The new features are built on top of the new opt-in concurrent renderer which is only enabled when someone uses a concurrent feature. Concurrency enables React to prepare multiple versions of a UI at the same time and it uses advanced techniques in its internal implementation such as priority queues and multiple buffering.
“When we design APIs, we try to hide implementation details from developers. As a React developer, you focus on what you want the user experience to look like, and React handles how to deliver that experience. So we don’t expect React developers to know how concurrency works under the hood,” the React team wrote in a blog post. “However, Concurrent React is more important than a typical implementation detail — it’s a foundational update to React’s core rendering model. So while it’s not super important to know how concurrency works, it may be worth knowing what it is at a high level.”
One key feature of Concurrent React is that rendering is interruptible. For example, when it starts to render an update, it can pause in the middle, then continue later and even abandon an in-progress render.
React guarantees that the UI will appear consistent even if a render is interrupted. It can prepare new screens in the background without blocking the main thread which means that the UI can respond immediately to user input even while rendering a large task.
Concurrent React can remove sections of the UI from the screen, then add them back later while reusing the previous state with reusable state.
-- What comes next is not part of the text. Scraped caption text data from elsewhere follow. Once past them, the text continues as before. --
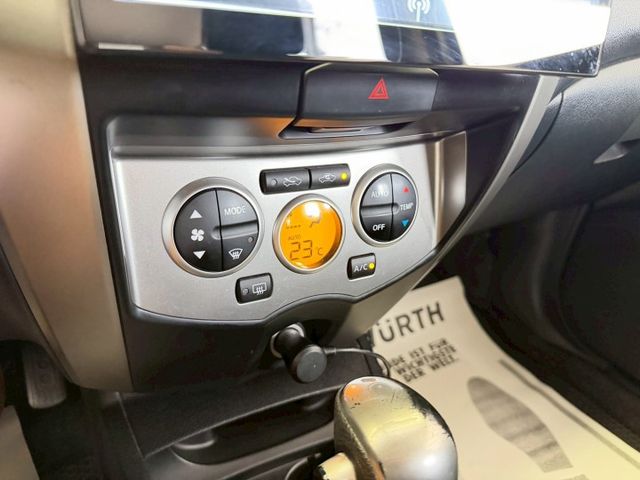 優質代步車 原鈑件 里程保證 安卓機  倒車雷達  倒車顯影  恆溫空調  第10張相片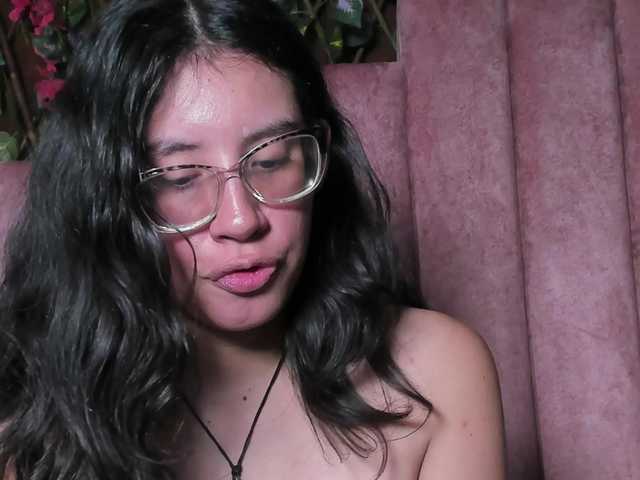 CoralineSanchez live cam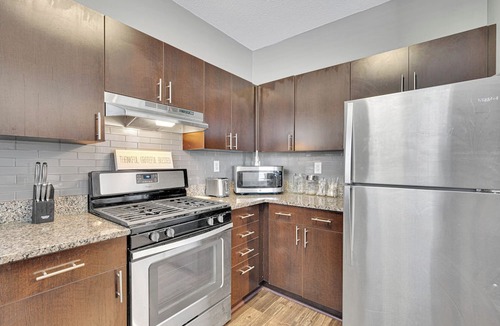 Cumberland Apartment | Cozy 2-bedroom stay! Walking distance to Braves Stadium.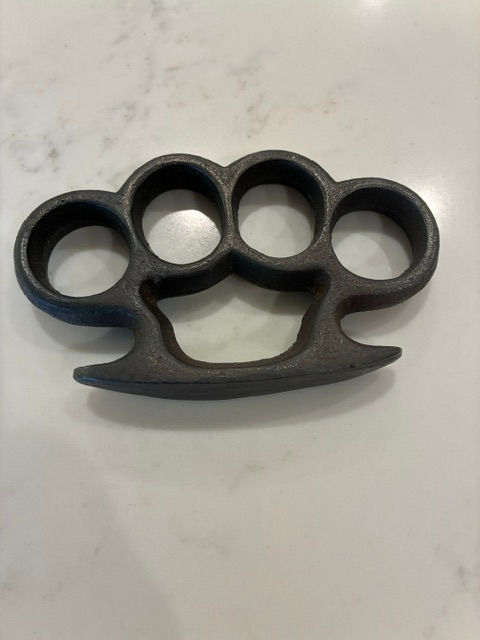 ECK Billy Trident cast iron collab knuckle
React also said that it provided new APIs to make it easier for libraries to take advantage of concurrent features, expecting that the main way developers will add concurrency to their app is by using a concurrent-enabled library or framework.
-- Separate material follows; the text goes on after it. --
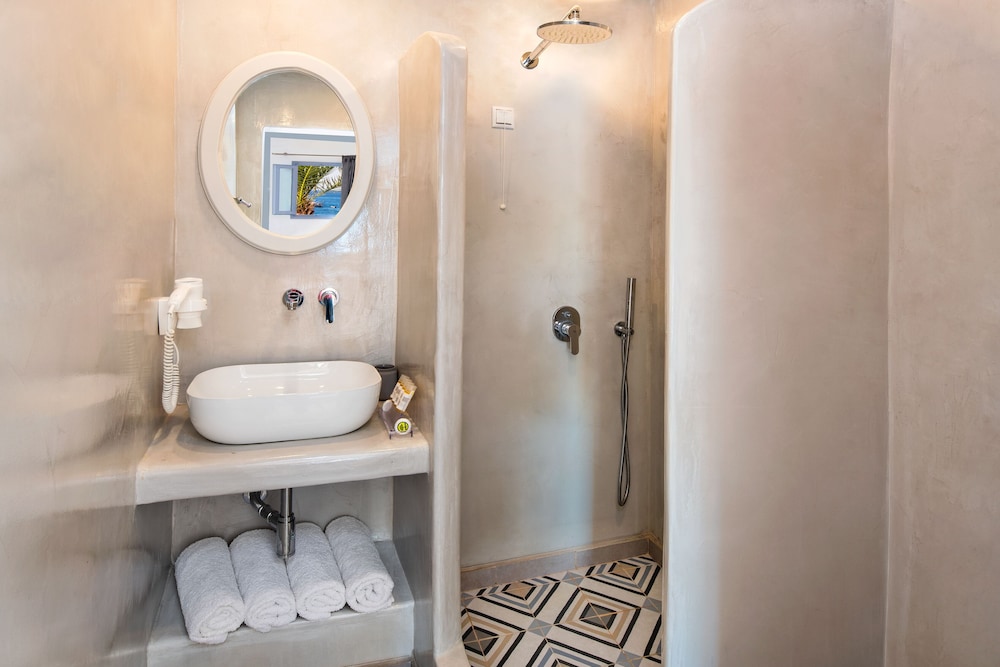 Basic Double or Twin Room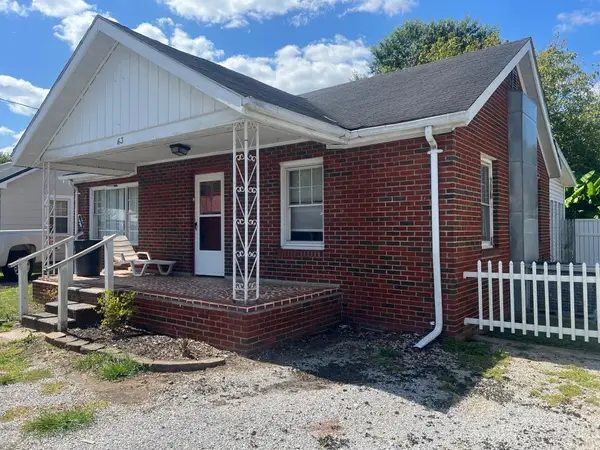 63 S 2nd Street, Allen, KY 41601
The new automatic batching feature works when React groups multiple state updates into a single re-render for better performance. Also, the new transition feature distinguishes between urgent and non-urgent update.
New suspense features enable developers to declaratively specify the loading state for a part of the component tree if it’s not yet ready to be displayed.
In this release React also redesigned the APIs it exposes for rendering on the client and server. These changes allow users to continue using the old APIs in React 17 mode while they upgrade to the new APIs in React 18.
React is also working on expanding features such as Server Components which will allow developers to build apps that span the server and client to combine the interactivity of client-side apps with the improved performance of traditional server rendering.